Daily Devotion, 30 April 2026
“Tetapi aku menasihatkan kamu, saudara-saudara, demi nama Tuhan kita Yesus Kristus, supaya kamu seia sekata dan jangan ada perpecahan di antara kamu, tetapi sebaliknya supaya kamu erat bersatu dan sehati sepikir.”
(1 Korintus 1:10)
Pernahkah Anda memperhatikan sebuah orkestra? Di sana ada biola, terompet, perkusi, dan berbagai alat musik lainnya. Bayangkan jika semua pemain hanya ingin meniup terompet. Tentu simfoni yang indah tidak akan tercipta. Begitu juga dalam gereja, sering kali kita terjebak dalam perselisihan hanya karena perbedaan gaya liturgi, cara berdoa, atau karunia pelayanan. Namun, bukankah perbedaan itu justru yang membuat pelayanan menjadi utuh?
Alkitab menegaskan bahwa perbedaan adalah cara Tuhan melengkapi tubuh-Nya.
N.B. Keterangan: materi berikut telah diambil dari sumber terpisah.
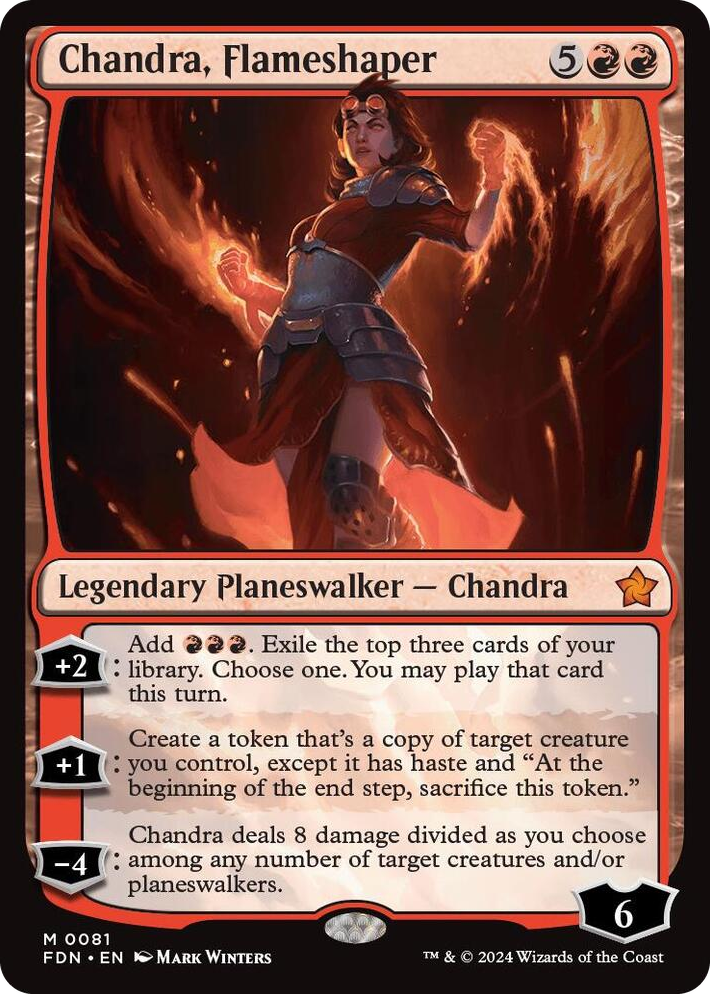 0081 Chandra, Flameshaper M Foundations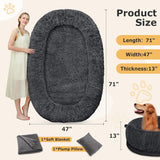 Cama para humanos SWITTE, tamaño grande, 71x47x13, lavable
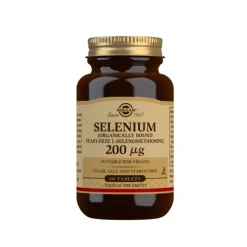 SOLGAR Selenio 200mcg (Sin Levadura) 100 comprimidos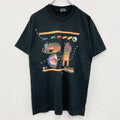 FRUIT OF THELOOM　フルーツオブザルーム　半袖プリントTシャツ　黒　ブラック　Ｍサイズ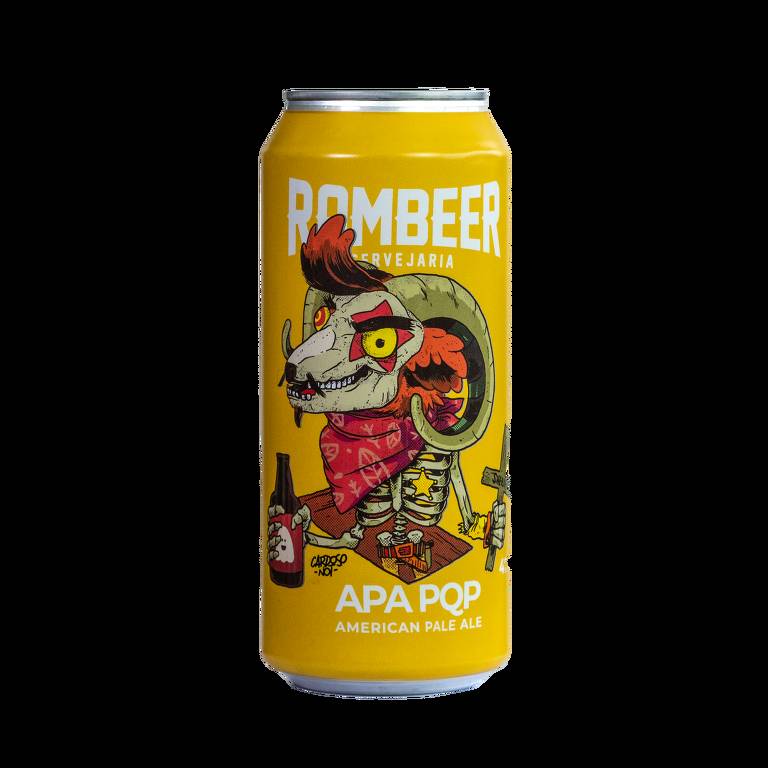 APA PQP, a american pale ale da Rambeer, de Teresina (PI), que concorre como melhor lata entre as micro e pequenas cervejarias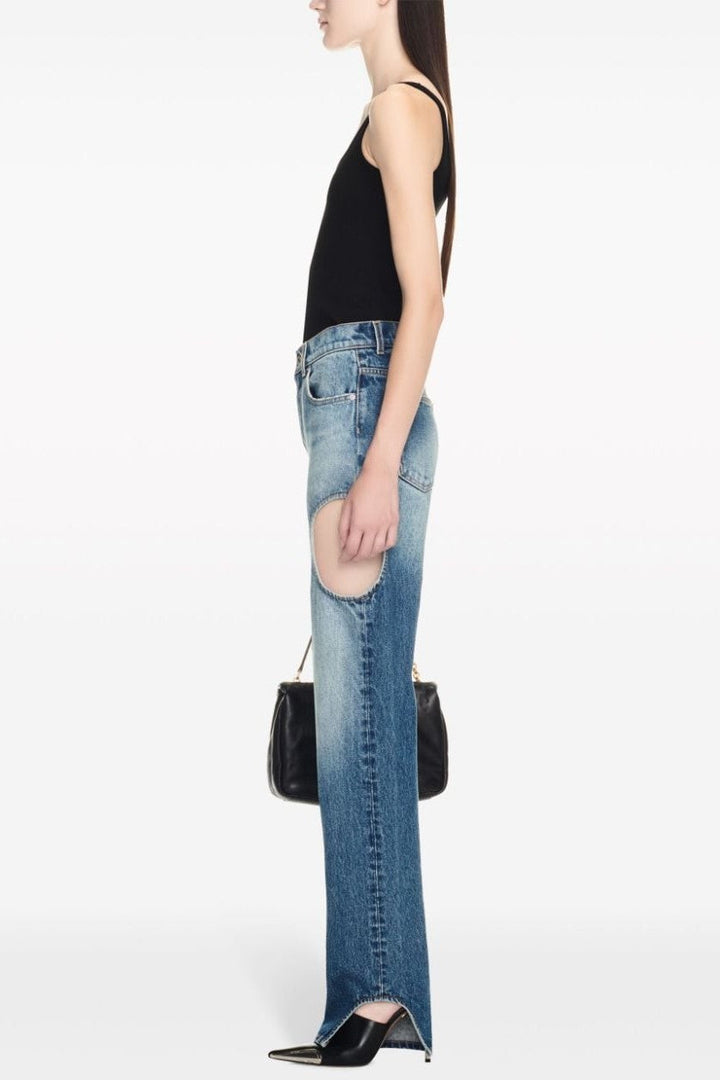 Nalan Circle Hollow Jeans - Stellouette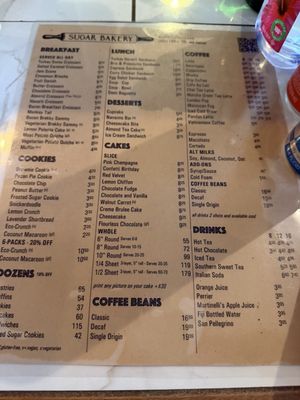Menu photo 1 Sugar Bakery Seattle, WA Menu photo 1 Sugar Bakery Seattle, WA
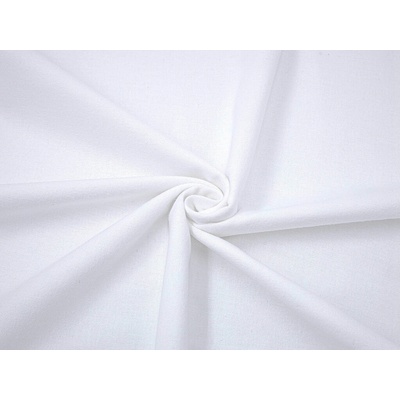 Mirtex Látka FLANEL 150/100 Bílá šíře 150cm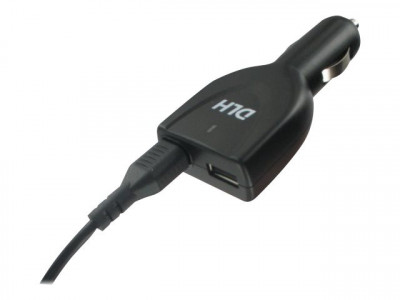 DLH : CAR CHARGER DLH MINI 90W CHAR DELL 100 PERCENT COMPAT 19V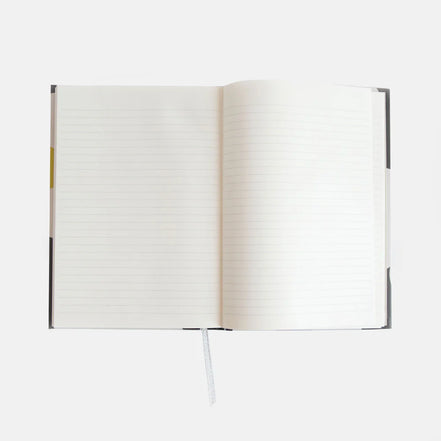 Multi Flower Charcoal Slim Casebound Notebook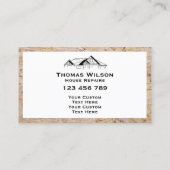 Hout Bouw Handyman Carpenter Gereedschap Hout Visitekaartje (Achterkant)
Kita diingatkan: “Kamu semua adalah tubuh Kristus dan kamu masing-masing adalah anggotanya” (1 Korintus 12:27). Tidak ada pelayanan yang lebih hebat atau lebih rendah; yang paling sederhana sekalipun tetap berharga di mata Tuhan. Kita semua adalah “kawan sekerja Allah” (1 Korintus 3:9) yang dipanggil untuk mengelola ladang-Nya bersama-sama.
Tuhan menciptakan perbedaan bukan untuk memecah belah, melainkan agar kita saling memperhatikan. Kesatuan roh dalam ikatan damai sejahtera adalah kunci agar pelayanan kita benar-benar berdampak dan membangun jemaat.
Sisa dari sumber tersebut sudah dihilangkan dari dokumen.